I almost wanted to cry when I saw Cordelia’s face. She wanted to believe me–we all wanted to believe me–but she couldn’t, not with the visions she bore, not being the person she was. If she believed for a second that she was betraying Angel and the good fight, she wouldn’t go, no matter if we did good in Vegas or Phoenix or Smallville, Kansas. Her place was here and she felt obligated to do her duty, even if she was helping a selfish, pain in the ass vampire who screwed up over and over again and never said sorry or thank you.

“I don’t know,” Cordelia said, and that was the end of seeing Vegas by dawn. Just like that. “The air in Vegas is awfully dry–”

“The economy’s shot to hell there, anyway,” I said in my pompous and knowledgeable voice.

“Yeah,” Gunn said, the same tone of defeat in his voice. “We should go for the weekend sometime. Ask Fred along, you know? It’ll be badass–we’ll get tricked out and cruise the strip in Angel’s car–”

“Sounds great,” Cordy said, her eyelids fluttering open and closed. “We should do it sometime. Totally.”

Starlette walked by holding the check, which we hadn’t asked for. Her face was utterly emotionless and I wondered if she’d been listening to us discussing escape, or if she just had excellent check-bringing instincts. I took it from her wordlessly.

“Wes?” Cordy said.

“Yes?” I said, calculating how to split the bill with tax, not looking up.

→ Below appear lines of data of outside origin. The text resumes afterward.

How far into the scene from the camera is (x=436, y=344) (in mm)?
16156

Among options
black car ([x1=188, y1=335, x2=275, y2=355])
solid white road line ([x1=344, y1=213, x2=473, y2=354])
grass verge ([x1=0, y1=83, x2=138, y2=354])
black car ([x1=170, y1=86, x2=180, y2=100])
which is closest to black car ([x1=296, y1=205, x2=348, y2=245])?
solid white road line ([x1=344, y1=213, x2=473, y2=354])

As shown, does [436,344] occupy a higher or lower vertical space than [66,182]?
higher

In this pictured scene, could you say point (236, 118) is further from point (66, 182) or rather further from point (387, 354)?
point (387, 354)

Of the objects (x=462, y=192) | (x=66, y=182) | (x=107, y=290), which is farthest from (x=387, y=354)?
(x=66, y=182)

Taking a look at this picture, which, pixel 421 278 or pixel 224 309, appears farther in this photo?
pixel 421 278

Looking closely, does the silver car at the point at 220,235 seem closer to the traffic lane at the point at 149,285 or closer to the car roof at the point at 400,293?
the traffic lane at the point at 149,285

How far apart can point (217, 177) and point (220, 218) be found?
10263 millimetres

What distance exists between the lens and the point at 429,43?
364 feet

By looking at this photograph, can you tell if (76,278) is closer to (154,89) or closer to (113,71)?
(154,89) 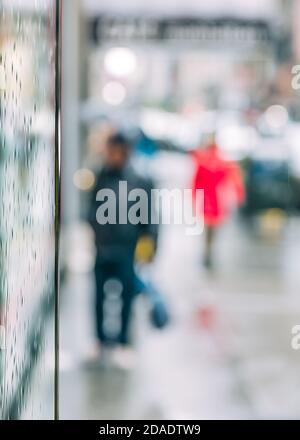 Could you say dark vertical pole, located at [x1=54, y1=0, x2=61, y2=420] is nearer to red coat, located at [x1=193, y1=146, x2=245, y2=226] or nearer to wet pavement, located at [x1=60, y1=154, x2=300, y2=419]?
wet pavement, located at [x1=60, y1=154, x2=300, y2=419]

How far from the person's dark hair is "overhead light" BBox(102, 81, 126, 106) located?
17.7 ft

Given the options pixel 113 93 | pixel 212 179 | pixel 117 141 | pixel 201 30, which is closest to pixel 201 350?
pixel 117 141

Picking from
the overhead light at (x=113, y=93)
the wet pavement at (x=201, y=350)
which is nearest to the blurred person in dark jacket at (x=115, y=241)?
the wet pavement at (x=201, y=350)

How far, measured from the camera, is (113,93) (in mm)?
10750

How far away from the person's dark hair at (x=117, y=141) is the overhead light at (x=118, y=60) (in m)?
4.86

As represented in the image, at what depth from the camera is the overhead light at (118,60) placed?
10.3 metres

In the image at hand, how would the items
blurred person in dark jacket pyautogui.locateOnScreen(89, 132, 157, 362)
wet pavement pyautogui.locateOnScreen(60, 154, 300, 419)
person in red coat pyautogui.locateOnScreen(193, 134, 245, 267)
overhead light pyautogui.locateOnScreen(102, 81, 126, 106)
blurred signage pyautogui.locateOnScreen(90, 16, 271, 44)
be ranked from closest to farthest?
1. wet pavement pyautogui.locateOnScreen(60, 154, 300, 419)
2. blurred person in dark jacket pyautogui.locateOnScreen(89, 132, 157, 362)
3. person in red coat pyautogui.locateOnScreen(193, 134, 245, 267)
4. blurred signage pyautogui.locateOnScreen(90, 16, 271, 44)
5. overhead light pyautogui.locateOnScreen(102, 81, 126, 106)

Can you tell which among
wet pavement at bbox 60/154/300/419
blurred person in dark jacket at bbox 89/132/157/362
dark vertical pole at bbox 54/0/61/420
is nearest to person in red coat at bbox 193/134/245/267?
wet pavement at bbox 60/154/300/419

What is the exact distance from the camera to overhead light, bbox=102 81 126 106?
10703 millimetres

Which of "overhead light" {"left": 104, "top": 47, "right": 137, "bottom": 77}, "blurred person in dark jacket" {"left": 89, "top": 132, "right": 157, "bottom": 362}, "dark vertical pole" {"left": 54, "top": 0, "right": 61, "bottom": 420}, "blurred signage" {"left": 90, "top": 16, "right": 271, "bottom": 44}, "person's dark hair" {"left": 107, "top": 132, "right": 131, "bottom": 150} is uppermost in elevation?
"overhead light" {"left": 104, "top": 47, "right": 137, "bottom": 77}

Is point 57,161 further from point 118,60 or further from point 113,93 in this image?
point 113,93

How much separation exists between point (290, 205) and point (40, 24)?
10191 mm

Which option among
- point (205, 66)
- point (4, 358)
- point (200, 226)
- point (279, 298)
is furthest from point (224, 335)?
point (205, 66)

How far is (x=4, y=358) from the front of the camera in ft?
7.23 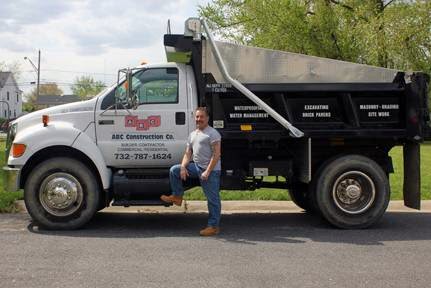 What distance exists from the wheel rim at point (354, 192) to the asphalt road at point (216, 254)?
0.36 metres

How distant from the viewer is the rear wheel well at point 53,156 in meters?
7.75

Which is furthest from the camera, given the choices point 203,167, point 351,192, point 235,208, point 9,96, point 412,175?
point 9,96

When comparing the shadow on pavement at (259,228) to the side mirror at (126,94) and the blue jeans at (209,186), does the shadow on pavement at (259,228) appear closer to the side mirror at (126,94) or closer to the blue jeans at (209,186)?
the blue jeans at (209,186)

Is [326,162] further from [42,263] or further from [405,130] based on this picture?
[42,263]

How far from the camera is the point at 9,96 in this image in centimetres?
9019

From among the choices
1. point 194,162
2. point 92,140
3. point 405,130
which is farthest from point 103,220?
point 405,130

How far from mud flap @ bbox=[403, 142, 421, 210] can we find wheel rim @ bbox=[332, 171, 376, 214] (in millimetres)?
575

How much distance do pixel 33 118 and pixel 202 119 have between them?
94.2 inches

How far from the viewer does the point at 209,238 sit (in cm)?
722

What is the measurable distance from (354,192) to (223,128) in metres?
2.00

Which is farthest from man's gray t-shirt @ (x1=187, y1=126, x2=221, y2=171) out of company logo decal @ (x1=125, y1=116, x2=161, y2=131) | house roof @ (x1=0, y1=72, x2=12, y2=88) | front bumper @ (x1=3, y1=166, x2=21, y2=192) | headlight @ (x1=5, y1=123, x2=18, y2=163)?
house roof @ (x1=0, y1=72, x2=12, y2=88)

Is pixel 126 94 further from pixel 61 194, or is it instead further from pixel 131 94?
pixel 61 194

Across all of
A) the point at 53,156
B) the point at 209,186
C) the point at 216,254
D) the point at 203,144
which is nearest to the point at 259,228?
the point at 209,186

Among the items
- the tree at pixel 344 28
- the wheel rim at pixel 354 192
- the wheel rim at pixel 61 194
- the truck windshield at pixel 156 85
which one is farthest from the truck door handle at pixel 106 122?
the tree at pixel 344 28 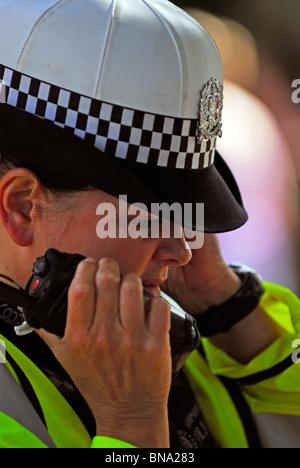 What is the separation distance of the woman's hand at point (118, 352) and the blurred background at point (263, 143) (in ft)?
6.06

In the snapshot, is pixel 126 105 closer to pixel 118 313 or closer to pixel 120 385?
pixel 118 313

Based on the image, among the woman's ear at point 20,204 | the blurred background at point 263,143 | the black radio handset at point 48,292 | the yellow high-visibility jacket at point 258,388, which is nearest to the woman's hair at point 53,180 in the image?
the woman's ear at point 20,204

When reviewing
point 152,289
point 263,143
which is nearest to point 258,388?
point 152,289

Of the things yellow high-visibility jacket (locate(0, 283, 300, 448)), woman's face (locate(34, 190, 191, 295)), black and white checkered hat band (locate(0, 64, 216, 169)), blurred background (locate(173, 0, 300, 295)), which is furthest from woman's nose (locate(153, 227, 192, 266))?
blurred background (locate(173, 0, 300, 295))

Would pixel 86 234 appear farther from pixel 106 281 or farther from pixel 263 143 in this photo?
pixel 263 143

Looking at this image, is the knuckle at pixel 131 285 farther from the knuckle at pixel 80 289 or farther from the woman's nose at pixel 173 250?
the woman's nose at pixel 173 250

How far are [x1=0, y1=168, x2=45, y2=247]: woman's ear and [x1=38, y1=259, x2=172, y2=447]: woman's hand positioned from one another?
0.22 metres

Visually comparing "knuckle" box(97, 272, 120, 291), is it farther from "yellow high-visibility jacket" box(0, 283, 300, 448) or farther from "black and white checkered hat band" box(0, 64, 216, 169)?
"yellow high-visibility jacket" box(0, 283, 300, 448)

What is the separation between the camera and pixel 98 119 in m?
1.48

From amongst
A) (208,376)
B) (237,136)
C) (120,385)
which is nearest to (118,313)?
(120,385)

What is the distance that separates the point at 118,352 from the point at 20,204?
40cm

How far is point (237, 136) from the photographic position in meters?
3.50

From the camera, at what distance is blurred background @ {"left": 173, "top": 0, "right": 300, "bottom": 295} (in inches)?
135

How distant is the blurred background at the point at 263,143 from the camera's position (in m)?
3.42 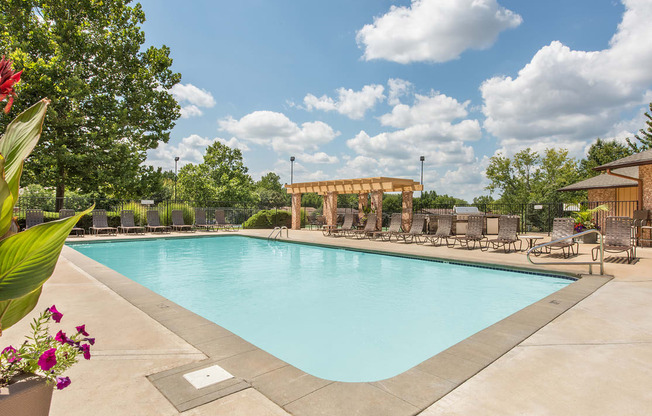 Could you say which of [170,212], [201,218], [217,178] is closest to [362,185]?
[201,218]

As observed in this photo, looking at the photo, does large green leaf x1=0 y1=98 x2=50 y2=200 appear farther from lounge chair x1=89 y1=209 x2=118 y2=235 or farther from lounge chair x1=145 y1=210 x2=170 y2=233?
lounge chair x1=145 y1=210 x2=170 y2=233

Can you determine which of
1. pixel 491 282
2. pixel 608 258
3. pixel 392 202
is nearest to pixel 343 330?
pixel 491 282

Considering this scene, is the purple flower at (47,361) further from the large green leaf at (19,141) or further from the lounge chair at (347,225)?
the lounge chair at (347,225)

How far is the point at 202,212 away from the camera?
19156 millimetres

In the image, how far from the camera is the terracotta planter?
1235 mm

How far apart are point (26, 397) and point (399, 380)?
89.1 inches

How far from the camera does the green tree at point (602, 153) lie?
3231cm

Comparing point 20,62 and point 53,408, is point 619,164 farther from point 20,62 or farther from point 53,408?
point 20,62

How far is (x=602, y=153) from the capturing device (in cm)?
3341

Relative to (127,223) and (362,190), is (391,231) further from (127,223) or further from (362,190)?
Result: (127,223)

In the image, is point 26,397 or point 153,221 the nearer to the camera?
point 26,397

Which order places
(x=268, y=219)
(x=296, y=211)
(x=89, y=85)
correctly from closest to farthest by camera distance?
1. (x=89, y=85)
2. (x=296, y=211)
3. (x=268, y=219)

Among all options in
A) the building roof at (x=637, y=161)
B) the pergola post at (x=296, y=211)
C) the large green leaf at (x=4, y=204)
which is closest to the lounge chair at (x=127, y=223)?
the pergola post at (x=296, y=211)

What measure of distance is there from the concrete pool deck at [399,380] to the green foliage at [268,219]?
53.1ft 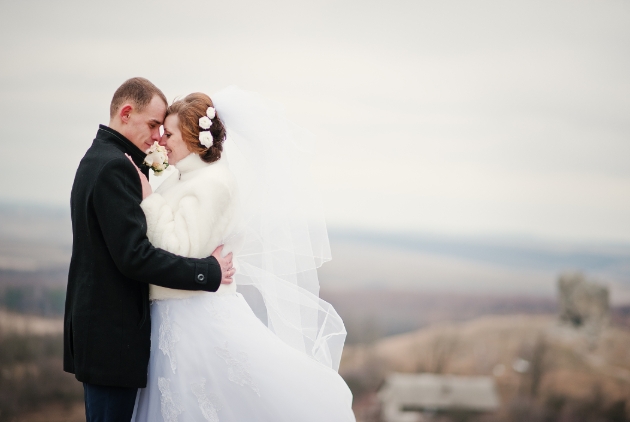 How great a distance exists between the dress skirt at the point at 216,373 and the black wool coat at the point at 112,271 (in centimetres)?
10

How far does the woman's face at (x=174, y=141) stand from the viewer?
2225 mm

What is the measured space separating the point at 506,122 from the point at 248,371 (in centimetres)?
860

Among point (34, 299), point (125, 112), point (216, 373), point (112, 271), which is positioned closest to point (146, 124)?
point (125, 112)

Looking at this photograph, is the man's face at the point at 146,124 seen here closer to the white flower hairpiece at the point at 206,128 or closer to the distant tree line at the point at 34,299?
the white flower hairpiece at the point at 206,128

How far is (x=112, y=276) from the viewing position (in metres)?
2.04

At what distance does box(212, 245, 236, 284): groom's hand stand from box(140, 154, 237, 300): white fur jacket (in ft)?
0.10

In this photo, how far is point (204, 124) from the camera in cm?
218

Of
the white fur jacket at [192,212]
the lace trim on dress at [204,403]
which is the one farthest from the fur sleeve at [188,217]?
the lace trim on dress at [204,403]

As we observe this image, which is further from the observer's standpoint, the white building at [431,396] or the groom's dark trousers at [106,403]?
the white building at [431,396]

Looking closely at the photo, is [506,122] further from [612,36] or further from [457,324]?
[457,324]

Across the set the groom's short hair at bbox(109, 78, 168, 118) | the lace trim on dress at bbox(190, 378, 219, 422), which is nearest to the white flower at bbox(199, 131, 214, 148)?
the groom's short hair at bbox(109, 78, 168, 118)

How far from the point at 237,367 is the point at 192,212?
60cm

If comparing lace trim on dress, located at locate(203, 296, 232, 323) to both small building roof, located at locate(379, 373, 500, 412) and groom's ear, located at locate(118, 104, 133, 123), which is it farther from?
small building roof, located at locate(379, 373, 500, 412)

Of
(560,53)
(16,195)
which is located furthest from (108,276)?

“I really wanted to go to Vegas,” she said, breaking my heart with every word. “But we can’t go, can we? It wouldn’t be the right thing to do. We have a duty.”

“I know,” I said. “With tip, your share is two fifty, Cordy. Gunn, yours cost five, and mine is three-fifty.”

“Okay,” Gunn said, handing me the money. His eyes were blanks again and I knew he was thinking about leaving. The day he could convince himself it was right to leave me and Cordy and Fred behind–he was gone. And he knew I knew it, and that I’d go with him when he left.

“Here,” Cordy said, a little tightness at the corners of her lips. “Here’s three. Wes–”

I couldn’t look at her–I didn’t want to see that much pain and know that there wasn’t anything that I could do. Well, short of knocking her unconscious and dragging her with me and Gunn when we left–not tonight, but that night when there was no choice other than to quit or to abjectly surrender to Angel’s whims.

“I’ll give you the change,” I said. “I have fifty cents.”

Her hand was cool and dry as I handed her the change. I looked at her as I turned to get my own wallet and she had withdrawn into herself. All I could see was a tired, slightly dirty woman who had spent too much of the night helping shake down demon thugs for information. There was nothing of the person screaming to run, screaming to get the hell out. I knew that my face looked the same way.

“Thanks,” she said. “Let’s get out of here.”

And we did.


End file.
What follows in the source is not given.